И все же обязаловка по распределению – самая дорогая плата за тогдашнее высшее образование. Конечно, если «свобода выбора» для вас не просто два слова.
Ведь нас, даже университетских выпускников, распределяли в основном либо офицерами – защищать Родину от предполагаемого противника, либо учителями. При этом, чем ниже средний балл успеваемости, тем в более периферийной школе бывший студент будет сеять разумное, доброе вперемешку с вечным. И тем труднее «отмазаться» от такой судьбы.
А балл, как правило, снижался из-за низких оценок по обязательным общественным дисциплинам – истории КПСС и философии вкупе с полит- экономией, научным атеизмом, гражданской обороной и еще всякой «надстроечной» ерундой.
На первых курсах, когда до распределения ещё как до луны, мы с презрительной снисходительностью относились к этим наукам, но они за нашу нелюбовь, в конце концов, отыгрывались на общем балле.
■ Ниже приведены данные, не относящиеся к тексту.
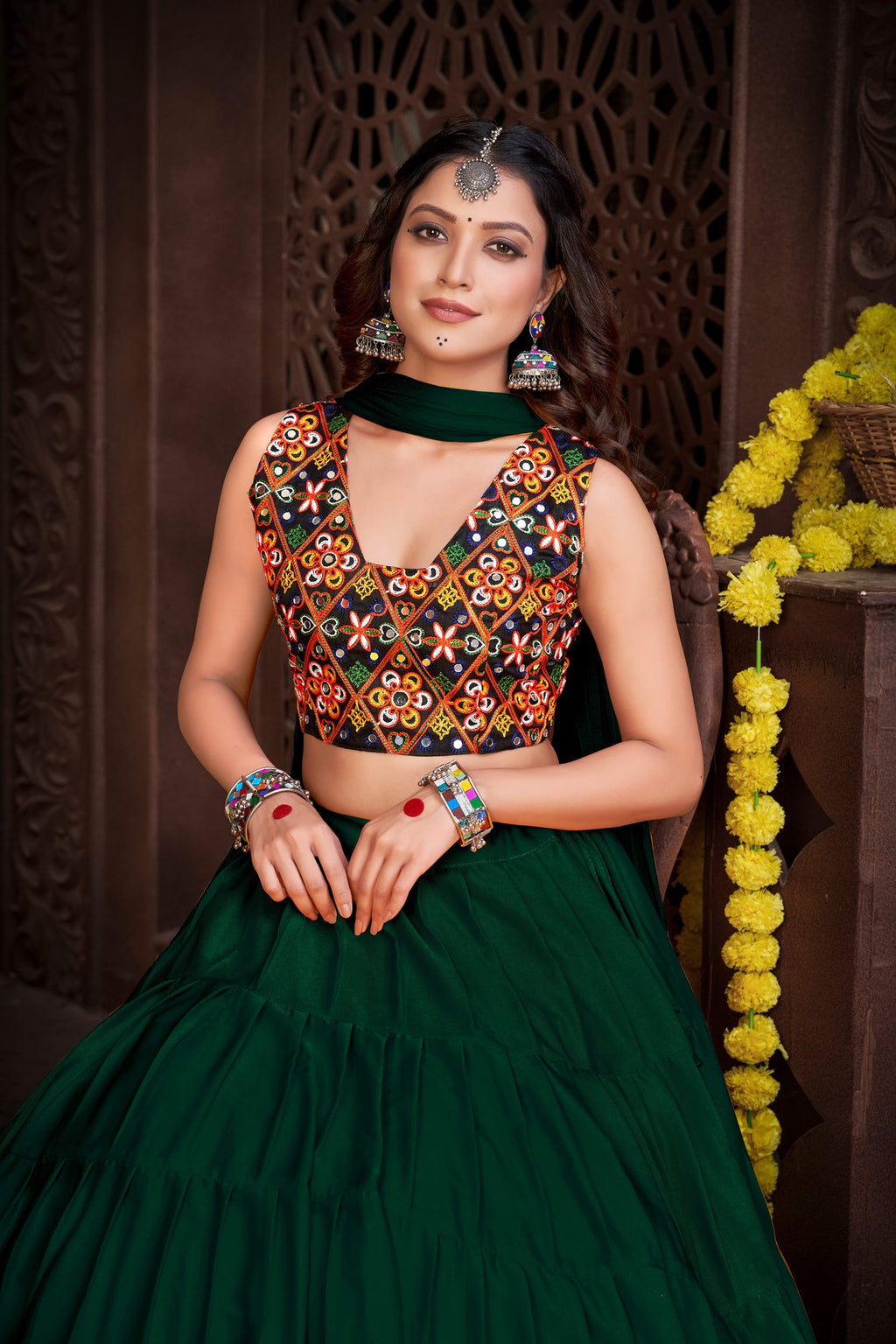 Women's Green French Crepe Traditional Kutchi Embroidery with Mirror Work Semi Stitched Lehenga Choli With Dupatta (Nav_03_Green)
Аспирантура или работа в научных центрах, ввиду чего открепляли без проволочек, светили только блатным и круглым отличникам. К обеим категориям счастливцев я не относился. Без открепительного документа могли взять на работу лишь только те, кто не любил чтить, как Бендер, уголовный кодекс.
Можно было еще податься работать в КГБ – выпускников научно-технических вузов брали туда охотно. Но Раиса Владимировна Ривина, учительница литературы упомянутой 56-й школы, рассказывая нам о судьбах многих советских писателей, успела привить такую стойкую нелюбовь к политическим репрессиям и всему, связанному с этим, что этот вариант даже не рассматривался мною. Если вникнуть, то я даже благодарен судьбе, что хоть и была возможность угодить под внимание этой организации, особенно за свой длинный язык и кое-какие поступки, но Бог миловал.
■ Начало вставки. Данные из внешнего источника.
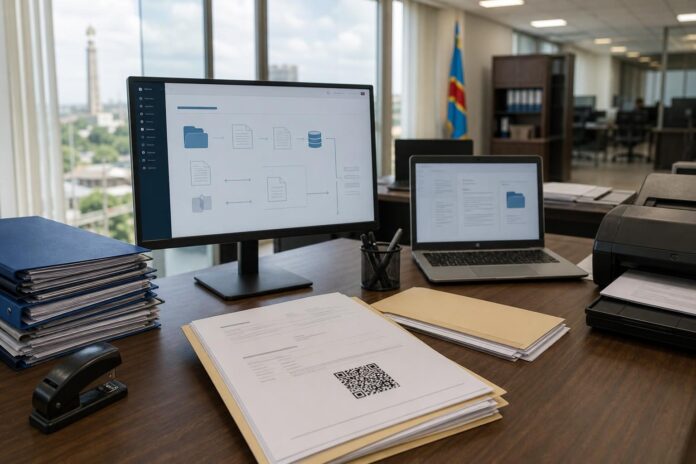 Interface numerique de delivrance d une attestation de sous traitance avec QR code et documents administratifs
Как ни боялся, но согласно народной мудрости – не так страшен черт, открепиться удалось легко. Пришлось, конечно, побегать по соответствующим инстанциям с соответственными письмами, ходатайствами и просьбами. Но слова «Советская антарктическая экспедиция» действовали на чиновников магически, и в качестве величайшего исключения я был освобожден от обязанности отбивать у детей уважение к физике.
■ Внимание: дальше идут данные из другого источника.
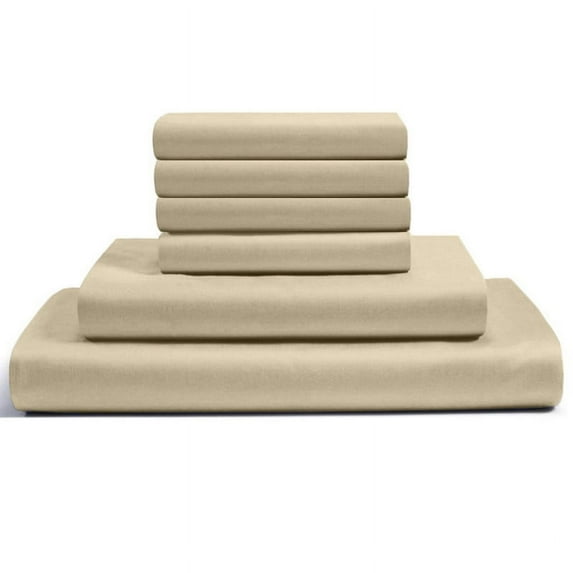 6-PC Twin Egyptian 600-TC Cotton Sheet Set - 15" Deep Pockets with 1 Fitted Sheet, 1 Oversized Flat Sheet 4 Pillowcases - Taupe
Госэкзамен и не помню, как сдавал. Но если в памяти не зацепилось, значит, без особых проблем и успехов. Видать, за пять лет научился пользоваться скрытыми от преподавателей источниками информации.
Дипломная работа, сотворенная по принципу «отрицательный результат – тоже результат», внятно объясняла, что при низком материально-техническом обеспечении нашей лаборатории лазер просто в принципе заработать не может. Возможно, и вкатили бы мне законный трояк, но передо мной защищался однокурсник, проходивший преддипломную практику в МГУ. Всю наглядную часть он представил не на бумажных плакатах, как мы все, а на слайдах, что тогда было неимоверным шиком. И очень эффектно показал, как классно работала его установка. Правда, сам дипломник ее не собирал, а только гонял в разных режимах и результаты записывал. На его фоне моя защита выглядела более чем блекло.
Но в председателе экзаменационной комиссии взыграли патриотические чувства к казахстанской науке. Он выступил с пламенной речью, что, мол, мы на несовершенной технике, но своими руками пытаемся двигать науку, а вот некоторые прощелыги пользуются московской аппаратурой, а вклад в отечественную науку не вносят.